Each line of the data below between the one containing "Extreme Book Nerd Challenge" and the one containing "Organic Cotton Twill Blue Pyjamas, Aim High", both included, is to be repeated exactly. Please omit pictures.

Top of Extracted entries

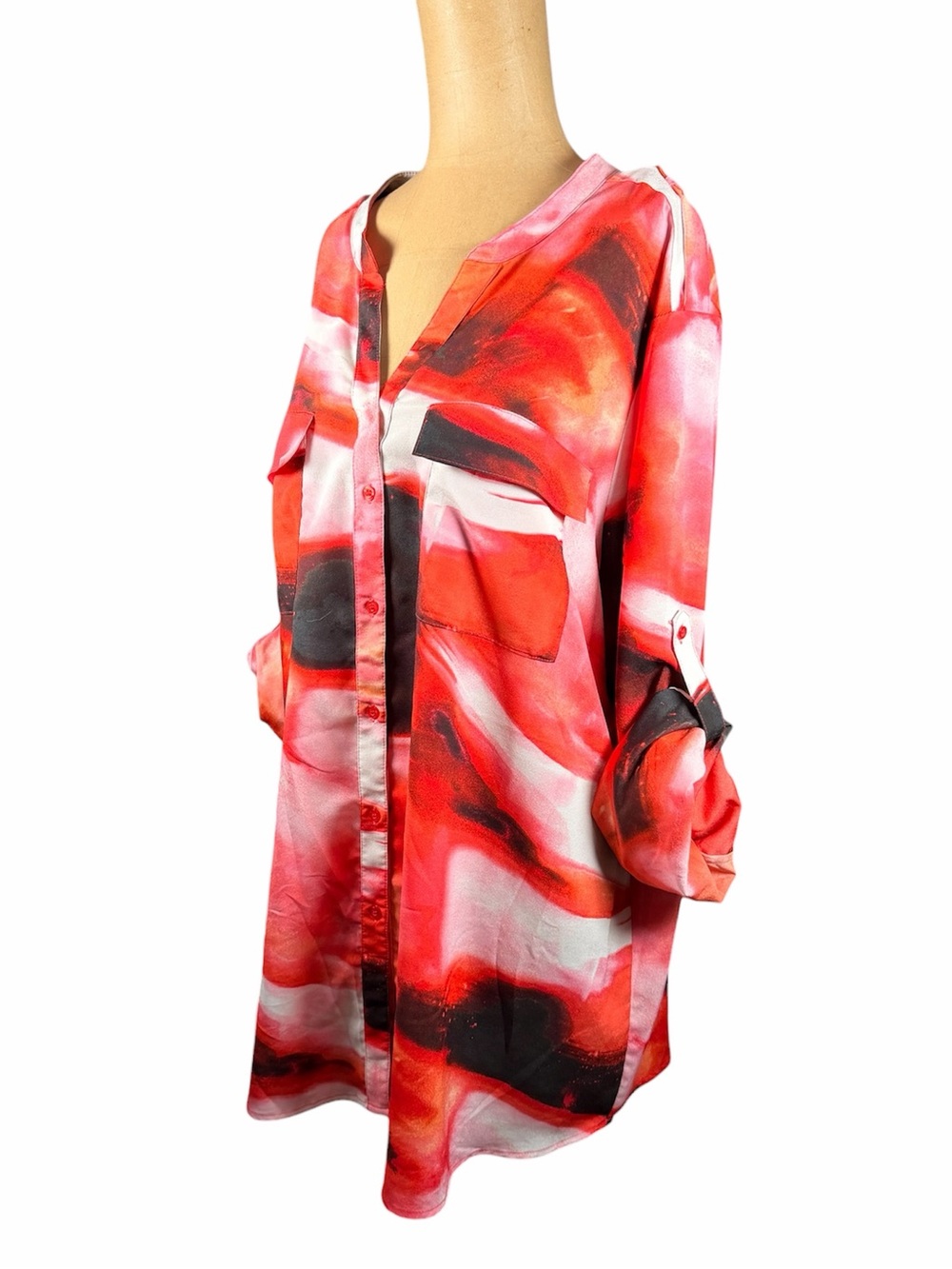 CALVIN KLEIN Plus Size Colorful Blouse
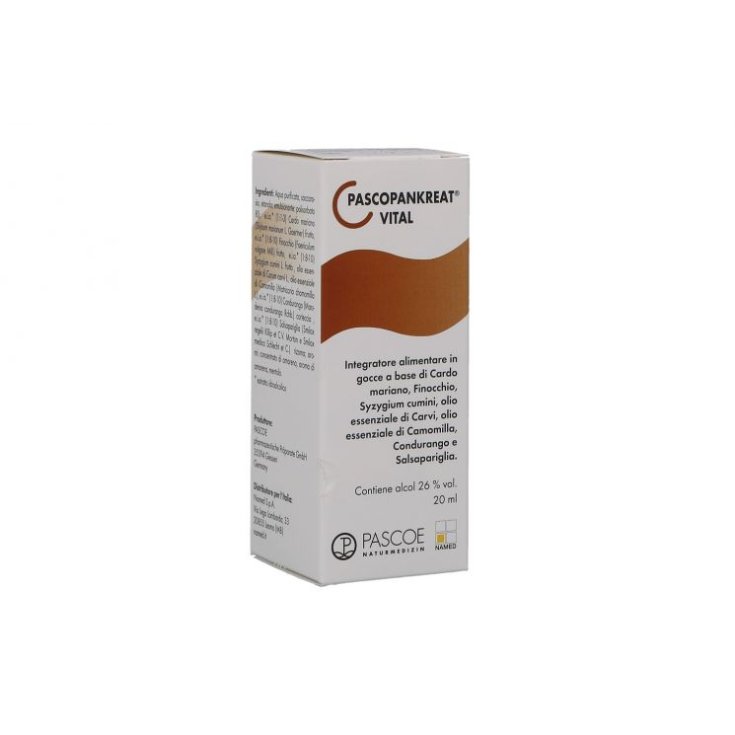 Pascopankreat Vitaltropfen mit dem Namen 20ml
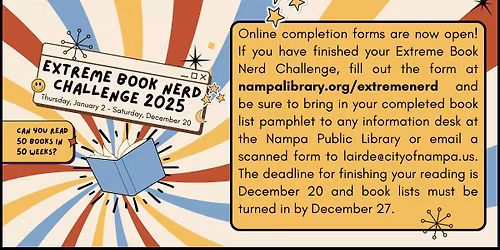 Extreme Book Nerd Challenge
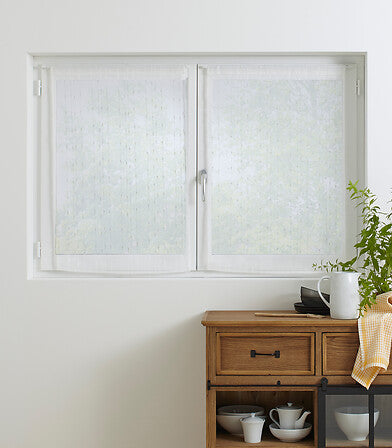 Set of 2 Anissa sheer curtains 60 x 90 cm white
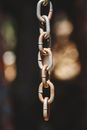 Brown Metal Chain in Close Up Photography
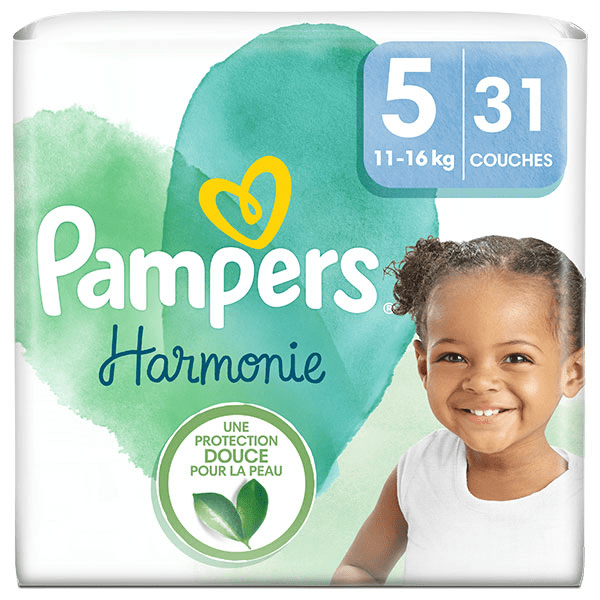 Harmonie Couches Taille 5 31 Couches 11kg - 16kg Protection Douce Pour La Peau 2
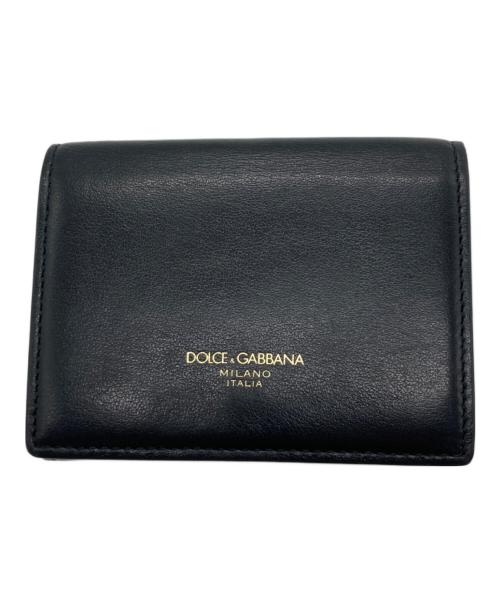 DOLCE & GABBANA（ドルチェ＆ガッバーナ）DOLCE & GABBANA (ドルチェ＆ガッバーナ) 3つ折り財布 ブラックの古着・服飾アイテム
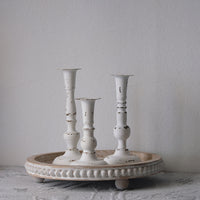 French Vintage Wooden Bead Tray Round Storage Tray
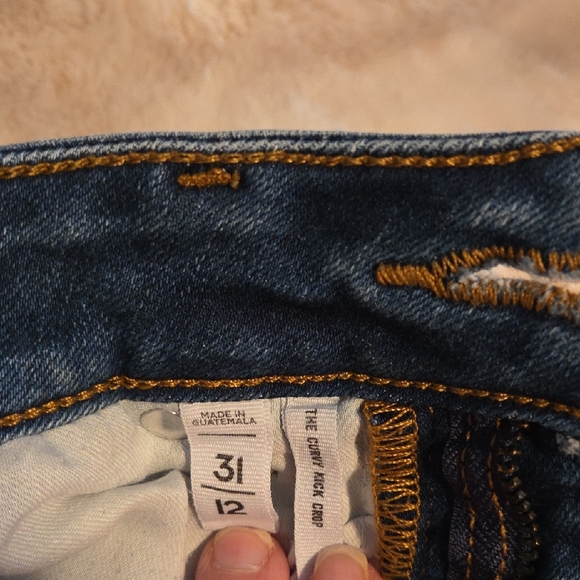 LOFT Dark Blue Wide Leg Jeans - Picture 3 of 4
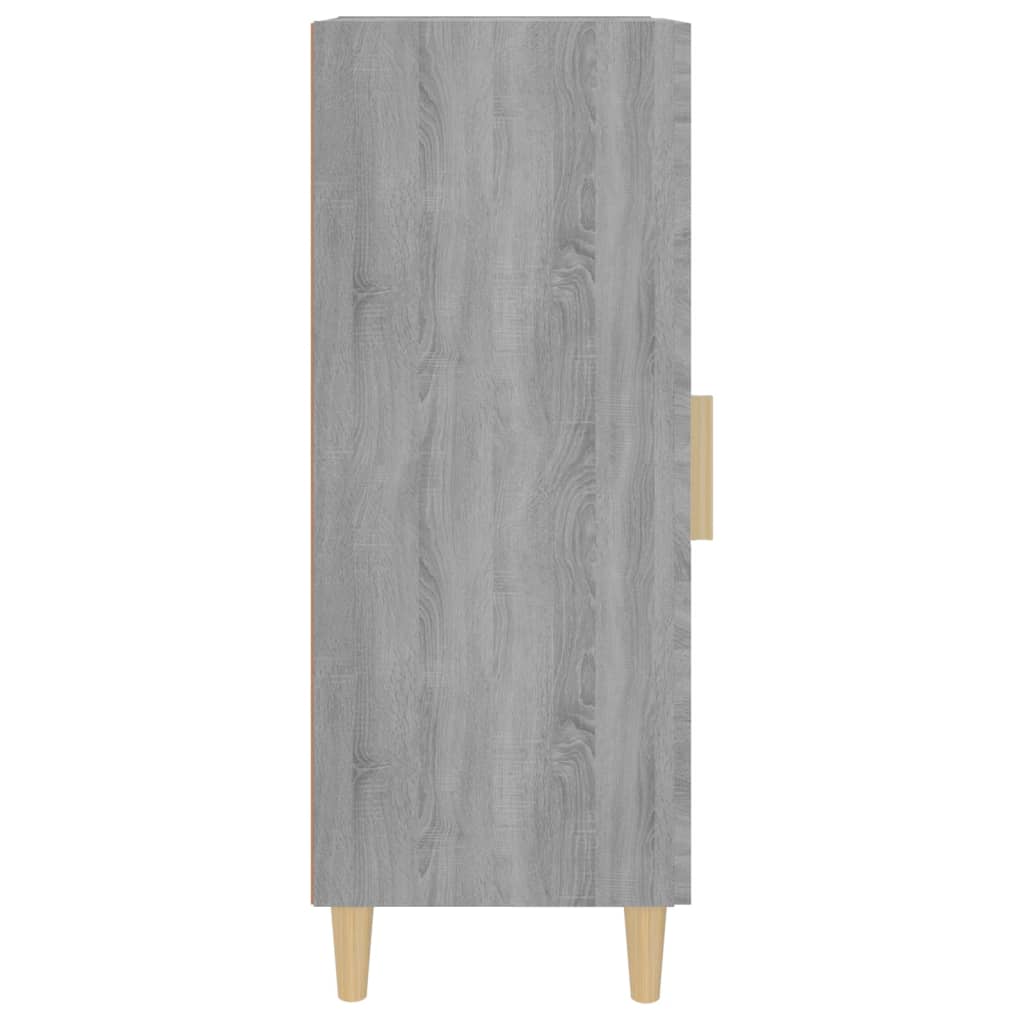 vidaXL szürke sonoma színű szerelt fa tálalószekrény 34,5 x 34 x 90 cm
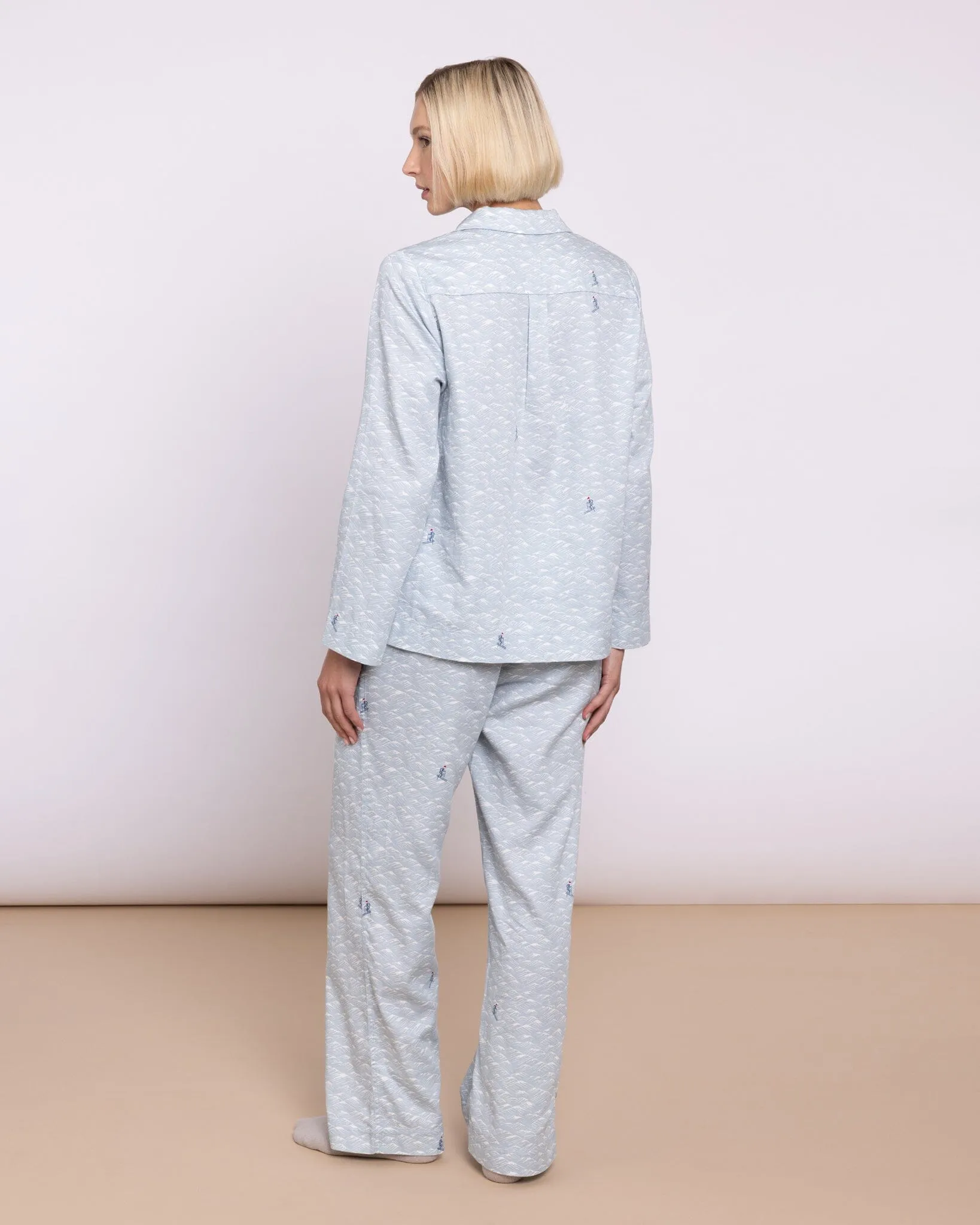 Organic Cotton Twill Blue Pyjamas, Aim High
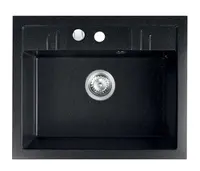 Novaservis Drezy - Granitový drez 58x48 cm, grafit DRGM1/48/58HA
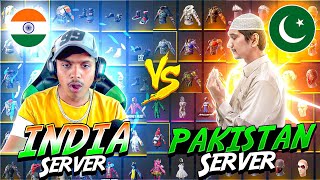 India Vs Pakistan Server Id 😱 Collection Battle Angry Brother Challenge Me😨  Garena Free Fire [upl. by Adaliah626]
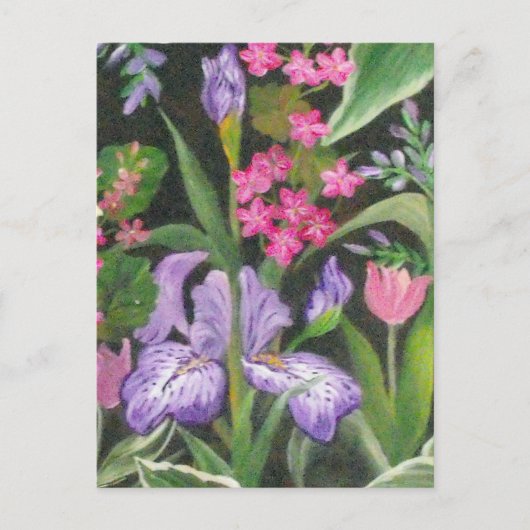 Iris Garden Briefkaart (Voorkant)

Bottom of Extracted entries

_Problem solution_.
 Extreme Book Nerd Challenge
 Set of 2 Anissa sheer curtains 60 x 90 cm white
 Brown Metal Chain in Close Up Photography
 Harmonie Couches Taille 5 31 Couches 11kg - 16kg Protection Douce Pour La Peau 2
 DOLCE & GABBANA（ドルチェ＆ガッバーナ）DOLCE & GABBANA (ドルチェ＆ガッバーナ) 3つ折り財布 ブラックの古着・服飾アイテム
 French Vintage Wooden Bead Tray Round Storage Tray
 LOFT Dark Blue Wide Leg Jeans - Picture 3 of 4
 vidaXL szürke sonoma színű szerelt fa tálalószekrény 34,5 x 34 x 90 cm
 Organic Cotton Twill Blue Pyjamas, Aim High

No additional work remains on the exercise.